The court's final ruling forced the Foreign Office to publish a
seven-paragraph summary of 42 classified CIA documents that were handed to
MI5 before Witness B travelled to Pakistan to interrogate Mohamed. These
show that MI5 was aware that Mohamed was being continuously deprived of
sleep, threatened with rendition and subjected to previous interrogations
that were causing him significant mental stress and suffering. If
administered in the UK, the summary says, it would clearly be in breach of
undertakings about interrogation techniques made by the British government
in 1972.
Miliband told MPs that the ruling was leading to a great deal of
concern in the US. In a statement to the Commons he said he had fought
to prevent the release of the information to defend the fundamental
principle that intelligence shared with the UK would be protected.
Update:
Less than Frank
27th February 2010. Based on
article
from
independent.co.uk
In a ruling that raises questions about the conduct and regulation of
MI5, the Court of Appeal said officers had suppressed evidence of their
alleged involvement in the torture of Binyam Mohamed while he was imprisoned
by America.
The judicial criticism was made fully public after The Independent and
other media groups successfully challenged a decision by the court to remove
a paragraph from a draft judgment because of an objection raised by the
Government.
The Master of the Rolls, Lord Neuberger, accused officers of having a
dubious record over the coercive interrogation of the former
Guantanamo Bay detainee. Lord Neuberger said some officers had been less
than frank about what they knew about Mohamed's ill-treatment.

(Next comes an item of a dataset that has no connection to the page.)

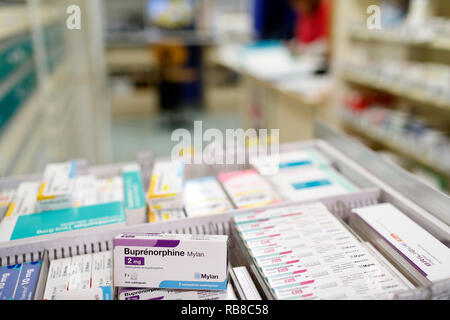 Apotheke. Drogen in einer Schublade. Frankreich. Stockfoto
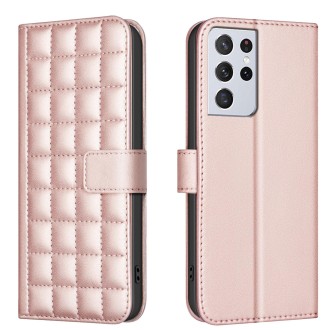 For Samsung Galaxy S21 Ultra 5G Square Texture Leather Phone Case(Rose Gold)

The paragraph in question explains how MI5 had stressed to a
parliamentary committee that it operated in a culture that respected
human rights and that coercive techniques were alien to the service's
general ethics, methodology and training.
Lord Neuberger's final paragraph says: Yet in this case that does not
seem to have been true: as the evidence shows, some Security Services
officials appear to have a dubious record relating to actual involvement,
and frankness about any such involvement, with the mistreatment of Mr
Mohamed when he was held at the behest of US officials.